Buku Faithlines: Muslim Conception of Islam and Society, yang kemudian diterjemahkan menjadi Keragaman Iman: Studi Komparatif Masyarakat Muslim (2006), karangan Profesor Riaz Hassan ini mencoba menawarkan alternatif untuk memahami persoalan-persoalan tersebut. Sebagai karya ilmu sosial, buku ini menekankan pentingnya analisis pada tingkat empirik, dan oleh karenanya metode survei menjadi pilihan tepat untuk penggalian data. Meskipun tidak bermaksud membuat generalisasi, dan lebih menekankan responden dari latar belakang kelas menengah, kajian komparatif yang disajikan sangat menarik. Pilihan empat negara —Indonesia, Pakistan, Kazakhstan, dan Mesir— cukup merepresentasikan keragaman masyarakat Muslim. Secara berurutan, Negara-negara tersebut mewakili Asia Tenggara, Asia Selatan, Asia Tengah, dan Timur Tengah yang masing-masing memiliki sejarah, budaya dan politik distingtif. Karena sistematis menggunakan instrumen penelitian yang sama, kita bisa mengukur secara lebih pasti kesamaan dan keragaman yang ada di negara-negara tersebut dalam berbagai sisi kehidupan sosial-keagamaan.

Penelitian tentang masyarakat Islam yang menggabungkan metode survei dan perbandingan Negara (cross country comparative) terbilang langka. Literatur yang beredar umumnya mengkaji komunitas Muslim dari aspek normatif, dan kalau pun membahas dimensi empirik, rata-rata sarjana menerapkan pendekatan kualitatif. Kepustakaan yang membandingkan dua atau lebih negara-negara Muslim cukup tersedia, tetapi lagi-lagi menggunakan analisis kualitatif. Dari segi data, kajian-kajian tersebut telah berperan besar dalam proses akumulasi pengetahuan tentang masyarakat Muslim, tetapi kita juga memerlukan kajian empirik yang secara sistematis dan terukur menggali realitas Muslim kontemporer.

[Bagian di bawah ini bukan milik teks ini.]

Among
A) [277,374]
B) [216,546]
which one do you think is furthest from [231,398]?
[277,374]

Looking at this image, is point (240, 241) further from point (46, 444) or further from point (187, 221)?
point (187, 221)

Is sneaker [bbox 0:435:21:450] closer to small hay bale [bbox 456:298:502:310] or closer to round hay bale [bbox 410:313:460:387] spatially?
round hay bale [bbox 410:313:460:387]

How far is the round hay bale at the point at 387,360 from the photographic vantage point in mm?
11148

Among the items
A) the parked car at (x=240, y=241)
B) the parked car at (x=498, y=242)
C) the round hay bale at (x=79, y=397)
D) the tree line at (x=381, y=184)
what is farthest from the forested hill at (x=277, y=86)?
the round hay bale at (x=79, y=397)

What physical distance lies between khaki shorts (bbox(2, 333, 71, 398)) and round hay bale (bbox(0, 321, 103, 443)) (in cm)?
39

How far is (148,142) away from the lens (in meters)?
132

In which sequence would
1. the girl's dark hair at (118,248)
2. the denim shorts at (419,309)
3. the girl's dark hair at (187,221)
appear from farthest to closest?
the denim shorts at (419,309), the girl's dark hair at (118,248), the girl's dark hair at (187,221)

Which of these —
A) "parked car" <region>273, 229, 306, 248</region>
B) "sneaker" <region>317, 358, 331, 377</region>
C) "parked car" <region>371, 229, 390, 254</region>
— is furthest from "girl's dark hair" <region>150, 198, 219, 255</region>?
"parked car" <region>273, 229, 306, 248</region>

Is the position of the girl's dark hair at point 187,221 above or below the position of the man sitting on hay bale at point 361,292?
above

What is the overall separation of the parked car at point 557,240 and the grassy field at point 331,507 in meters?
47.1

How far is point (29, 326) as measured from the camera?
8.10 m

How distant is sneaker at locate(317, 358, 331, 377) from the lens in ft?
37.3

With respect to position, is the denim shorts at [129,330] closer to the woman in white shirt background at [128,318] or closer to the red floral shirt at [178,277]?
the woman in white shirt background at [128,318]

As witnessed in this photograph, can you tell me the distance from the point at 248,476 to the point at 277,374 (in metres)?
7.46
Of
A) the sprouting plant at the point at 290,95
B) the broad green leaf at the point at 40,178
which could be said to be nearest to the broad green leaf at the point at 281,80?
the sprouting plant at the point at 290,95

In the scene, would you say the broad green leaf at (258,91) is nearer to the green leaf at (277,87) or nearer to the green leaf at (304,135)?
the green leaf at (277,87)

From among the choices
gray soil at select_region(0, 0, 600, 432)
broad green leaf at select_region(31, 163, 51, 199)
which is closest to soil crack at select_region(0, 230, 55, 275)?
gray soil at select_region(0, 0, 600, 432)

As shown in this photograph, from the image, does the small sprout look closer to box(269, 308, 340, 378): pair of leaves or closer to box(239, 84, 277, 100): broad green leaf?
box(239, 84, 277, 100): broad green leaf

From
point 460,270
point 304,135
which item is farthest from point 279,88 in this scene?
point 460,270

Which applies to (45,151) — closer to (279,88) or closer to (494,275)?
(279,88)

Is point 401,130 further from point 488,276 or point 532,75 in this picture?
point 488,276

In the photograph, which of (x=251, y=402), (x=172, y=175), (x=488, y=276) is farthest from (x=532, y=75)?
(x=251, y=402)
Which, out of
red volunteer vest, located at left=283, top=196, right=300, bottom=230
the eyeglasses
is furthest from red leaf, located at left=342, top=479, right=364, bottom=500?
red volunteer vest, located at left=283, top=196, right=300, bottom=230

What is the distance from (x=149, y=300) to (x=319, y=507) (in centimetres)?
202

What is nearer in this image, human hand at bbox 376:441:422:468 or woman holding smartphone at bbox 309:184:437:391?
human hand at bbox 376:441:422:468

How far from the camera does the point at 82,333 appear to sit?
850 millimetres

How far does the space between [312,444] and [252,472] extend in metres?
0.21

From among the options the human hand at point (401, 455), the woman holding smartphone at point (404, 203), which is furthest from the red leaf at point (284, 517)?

Aspek kehidupan agama yang dijadikan objek kajian dalam buku ini adalah kepercayaan sehari-hari (everyday belief). Cakupannya cukup luas, mulai dari sikap Muslim terhadap doktrin-doktrin agama, praktik ritual keagamaan mereka, sampai pada pandangan mereka mengenai isu-isu kontemporer seperti hubungan entarjenis kelamin (gender relations), negara Islam, toleransi dan pluralisme. Melalui pendekatan ini kita bisa melihat fenomena Islam yang hidup dan berkembang di tengah-tengah masyarakat. Jika kajian normatif memberi kita informasi tentang universalitas islam, kali ini kita akan temukan bagaimana nilai-nilai tersebut disikapi, dipahami, dan ditransformasikan dalam praktik sosial sehari-hari. Sebaliknya, jika kajian empririk senantiasa menyajikan fakta-fakta keras (hard facts) yang beragam tentang Islam, buku ini mencoba menggali imajinasi dan kepercayaan subjektif Muslim melalui wawancara testruktur. Hasilnya sangat menarik, tidak ada kesimpulan sederhana yang dapat mewakili gambaran Muslim secara universal.